» Task description: Look for the line containing "Irving Leather Swivel Armchair thumbnail 2" and the line containing "Victorinox 2-tlg Swiss" in the entries below. Copy those two and all lines between them exactly, leaving out pictures.

» Data to examine:
◇ ◇ ◇ ◇ ◇ ◇ ◇
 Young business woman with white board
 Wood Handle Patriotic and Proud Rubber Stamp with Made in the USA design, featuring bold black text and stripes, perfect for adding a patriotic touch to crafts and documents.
◇ ◇ ◇ ◇ ◇ ◇ ◇
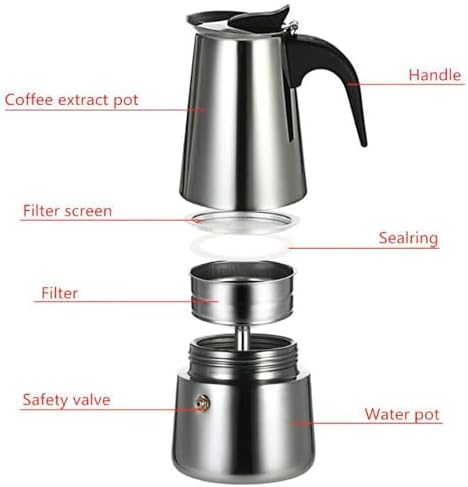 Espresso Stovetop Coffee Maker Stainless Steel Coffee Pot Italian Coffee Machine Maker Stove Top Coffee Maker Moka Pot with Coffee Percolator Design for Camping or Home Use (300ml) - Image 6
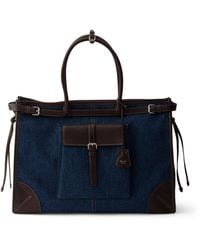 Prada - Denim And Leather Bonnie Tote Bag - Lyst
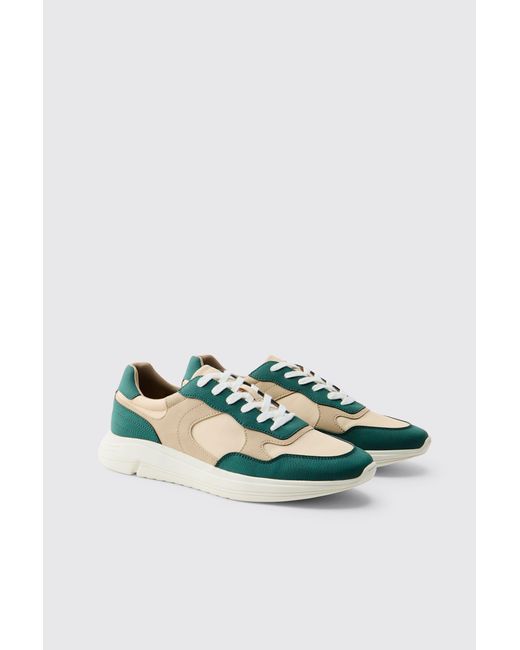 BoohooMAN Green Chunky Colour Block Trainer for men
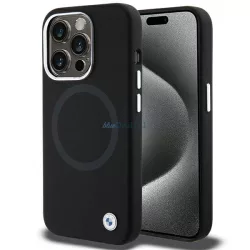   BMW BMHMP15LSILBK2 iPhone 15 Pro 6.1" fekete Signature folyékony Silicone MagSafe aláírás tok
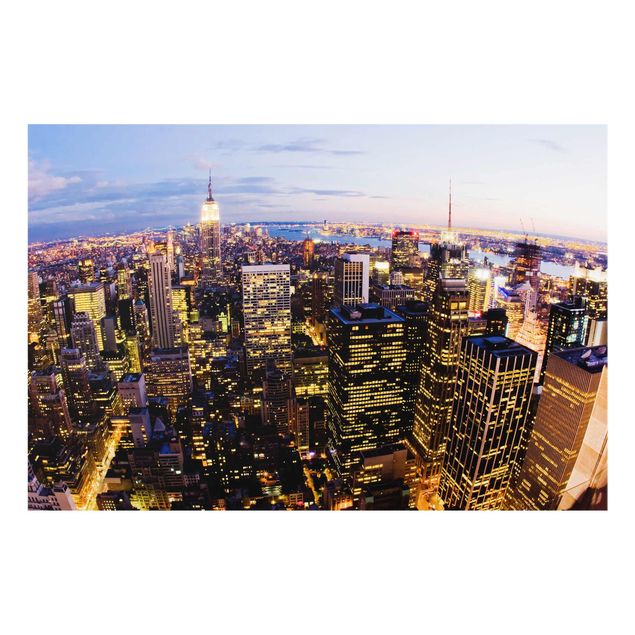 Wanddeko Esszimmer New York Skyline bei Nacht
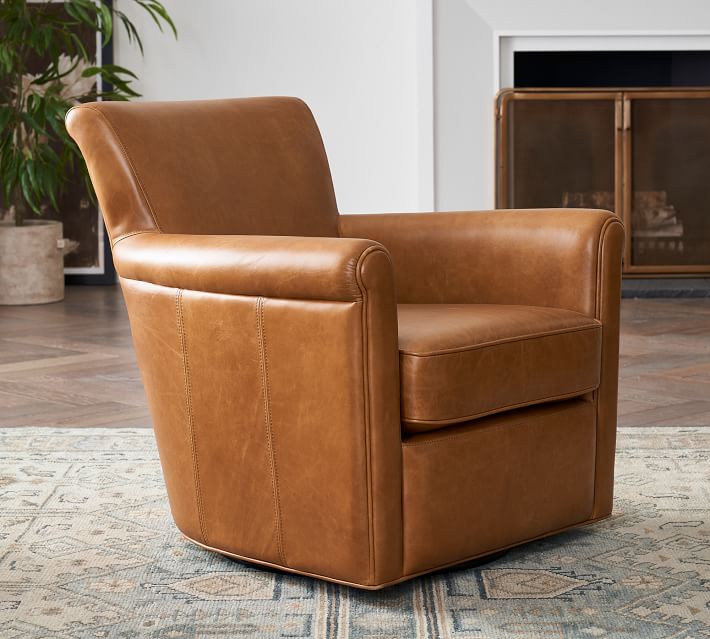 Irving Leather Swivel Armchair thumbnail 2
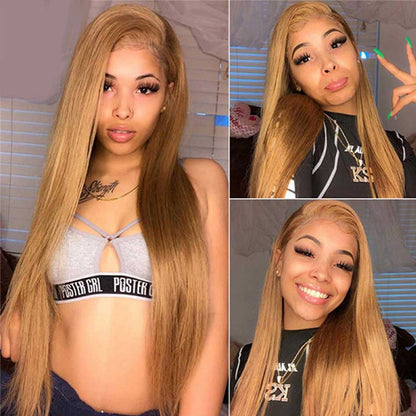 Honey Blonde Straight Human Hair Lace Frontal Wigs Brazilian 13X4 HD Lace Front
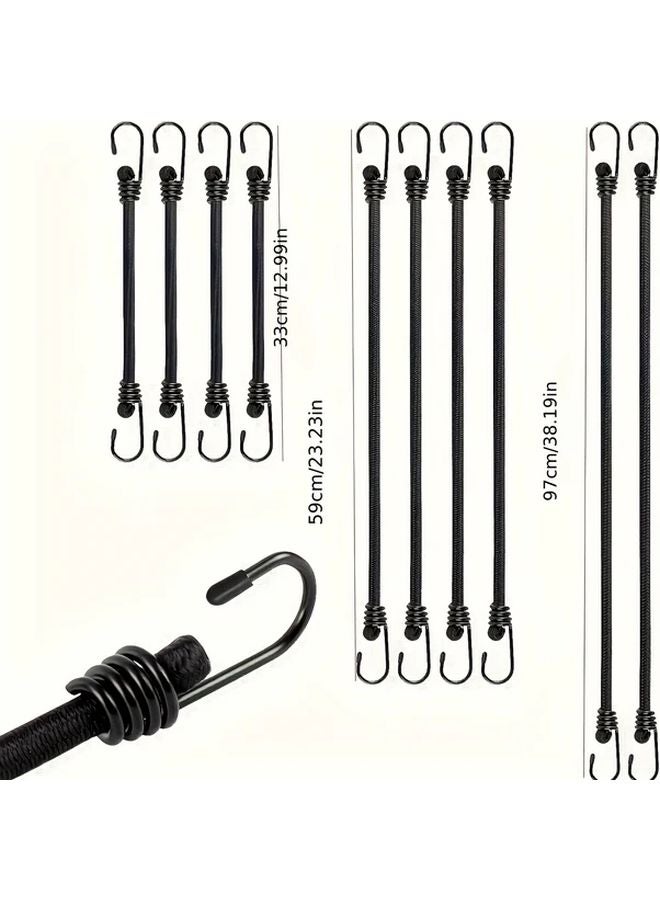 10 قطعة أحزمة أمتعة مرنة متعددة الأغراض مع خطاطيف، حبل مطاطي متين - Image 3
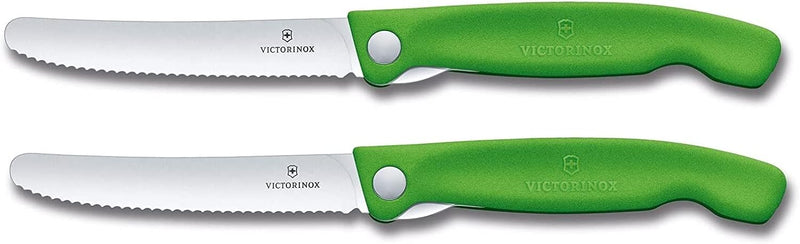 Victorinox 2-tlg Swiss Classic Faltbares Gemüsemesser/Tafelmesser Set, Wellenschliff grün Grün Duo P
◇ ◇ ◇ ◇ ◇ ◇ ◇
» Your response:
 Irving Leather Swivel Armchair thumbnail 2
 Honey Blonde Straight Human Hair Lace Frontal Wigs Brazilian 13X4 HD Lace Front
 10 قطعة أحزمة أمتعة مرنة متعددة الأغراض مع خطاطيف، حبل مطاطي متين - Image 3
 Victorinox 2-tlg Swiss Classic Faltbares Gemüsemesser/Tafelmesser Set, Wellenschliff grün Grün Duo P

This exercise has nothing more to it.